Reproduce word for word every line from the one containing "Recogida de frutas en el extranjero" to the final line of the data below; omit the pictures.

▬▬▬▬▬▬

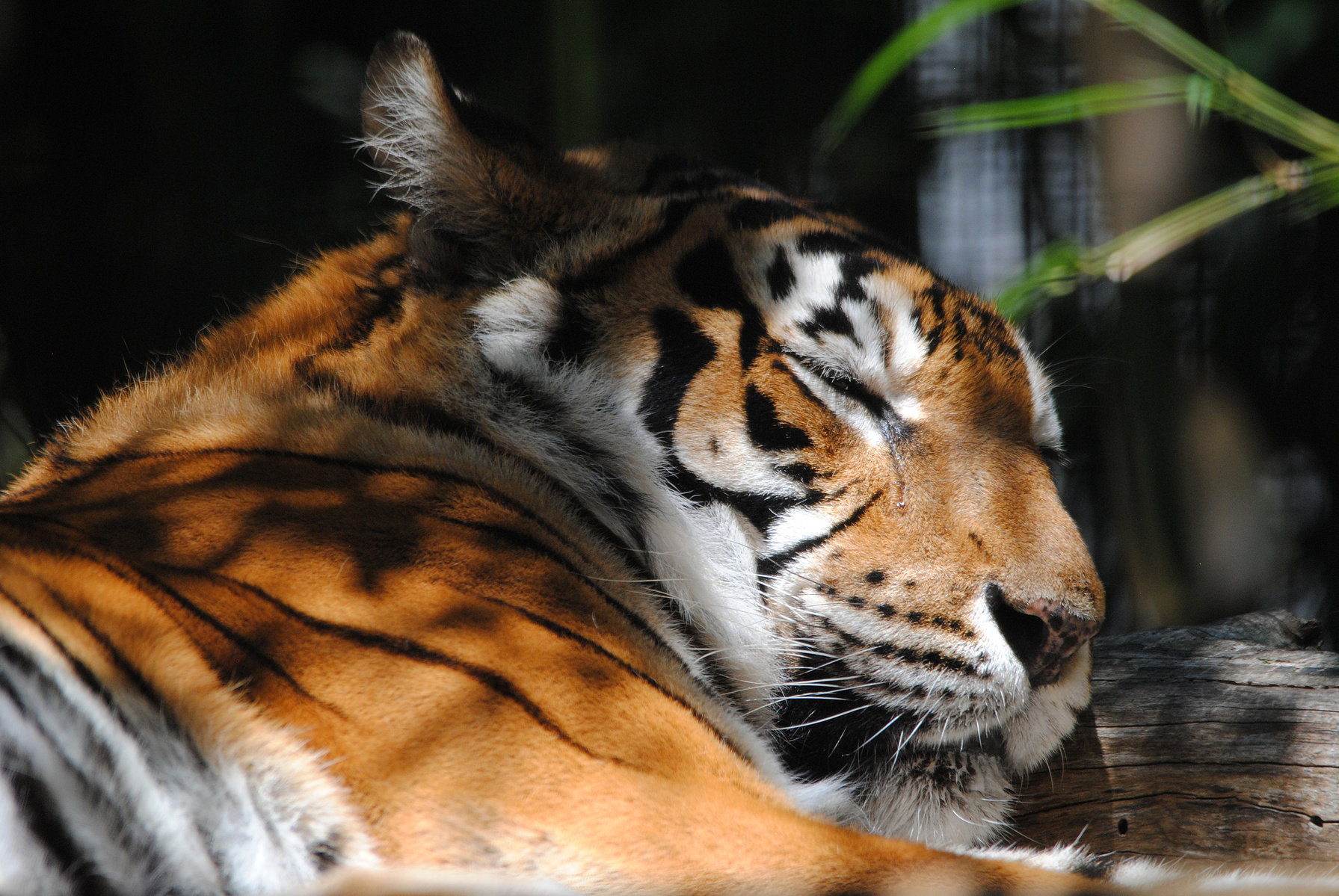 Tiger lying in grass sleeping. Close up of head and shoulder. Photo taken by planetdesigns.net  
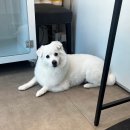 애견마을 이미지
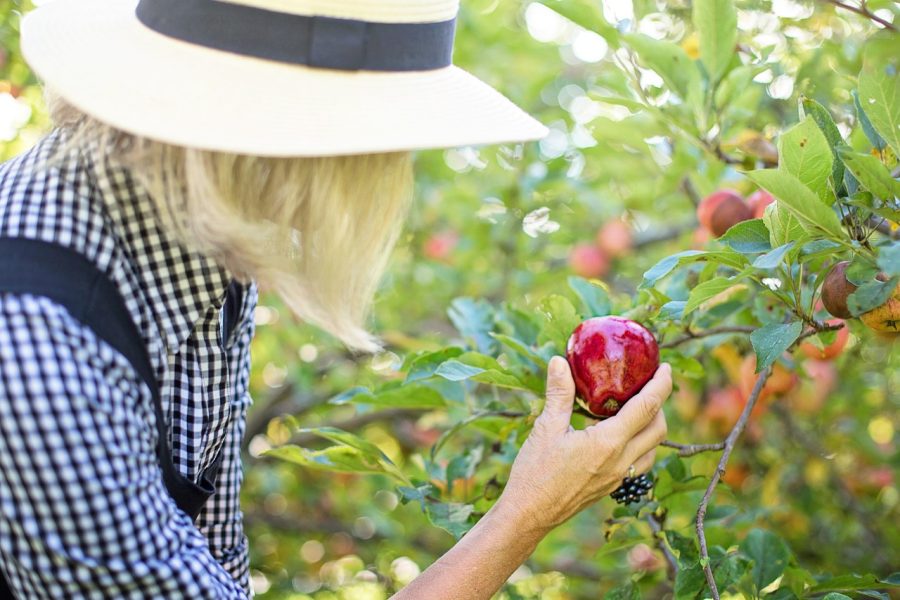 Recogida de frutas en el extranjero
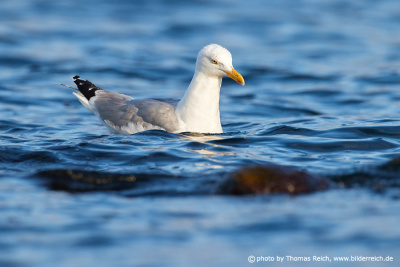 European herring gull hunts
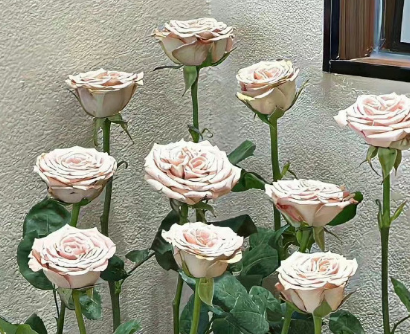 70后妈妈微信昵称 适合70后女人阳光的网名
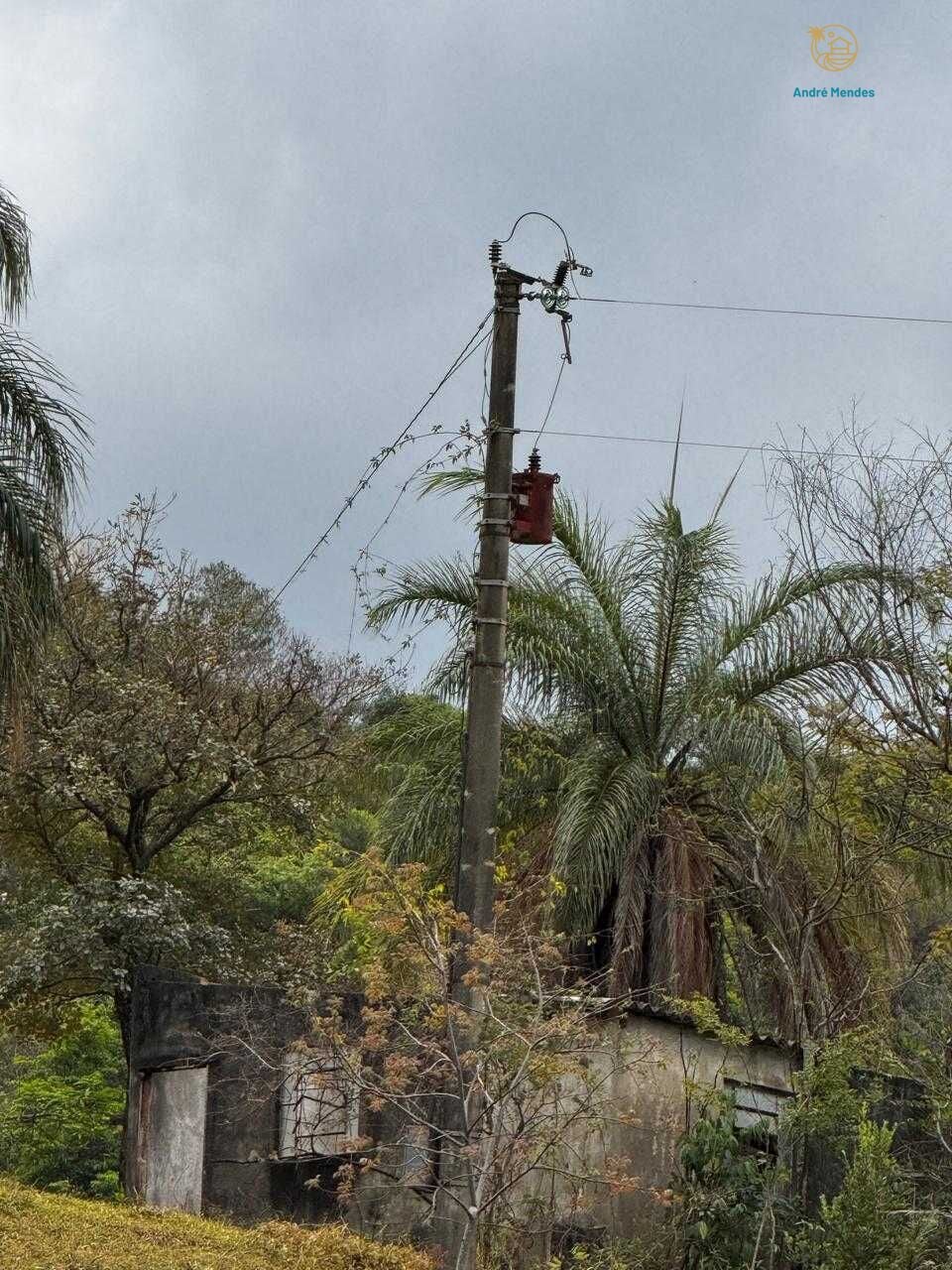 Fazenda, 64 hectares - Foto 15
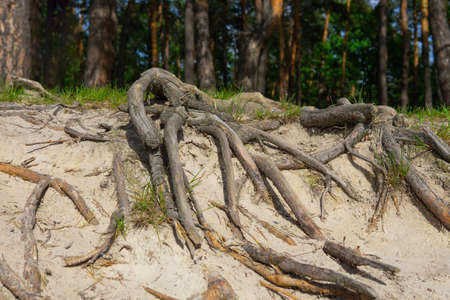 Surface tree roots showing above the ground.の写真素材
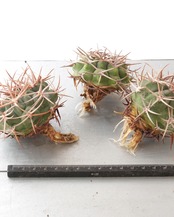 一部発根済カット苗 アンバトエンセ （フェロシオール） L Gymnocalycium ambatoense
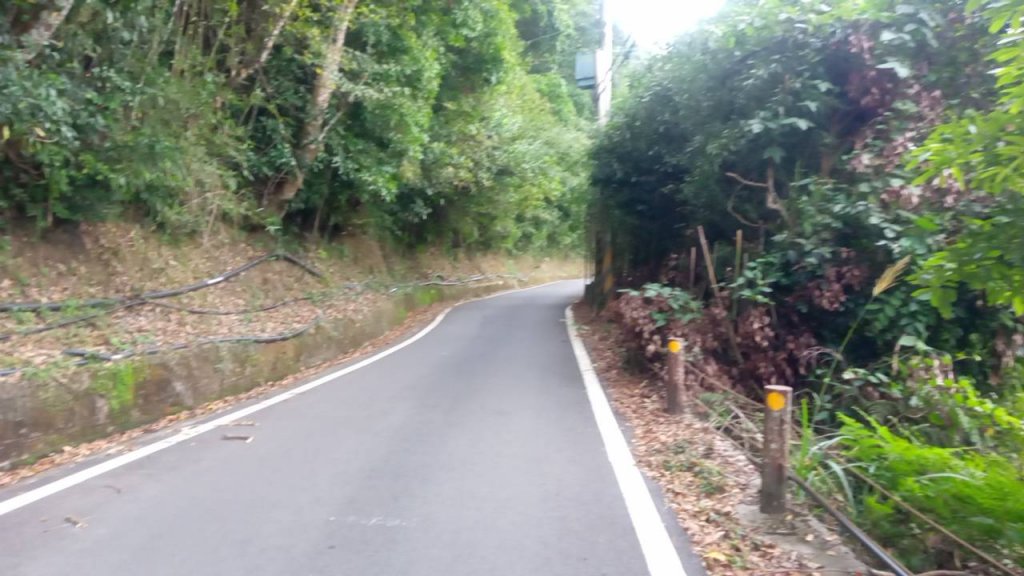 20221105苗栗泰安雪見探路_1900307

▬▬▬▬▬▬

**Task output:**
 Recogida de frutas en el extranjero
 European herring gull hunts
 70后妈妈微信昵称 适合70后女人阳光的网名
 Fazenda, 64 hectares - Foto 15
 Surface tree roots showing above the ground.の写真素材
 一部発根済カット苗 アンバトエンセ （フェロシオール） L Gymnocalycium ambatoense
 20221105苗栗泰安雪見探路_1900307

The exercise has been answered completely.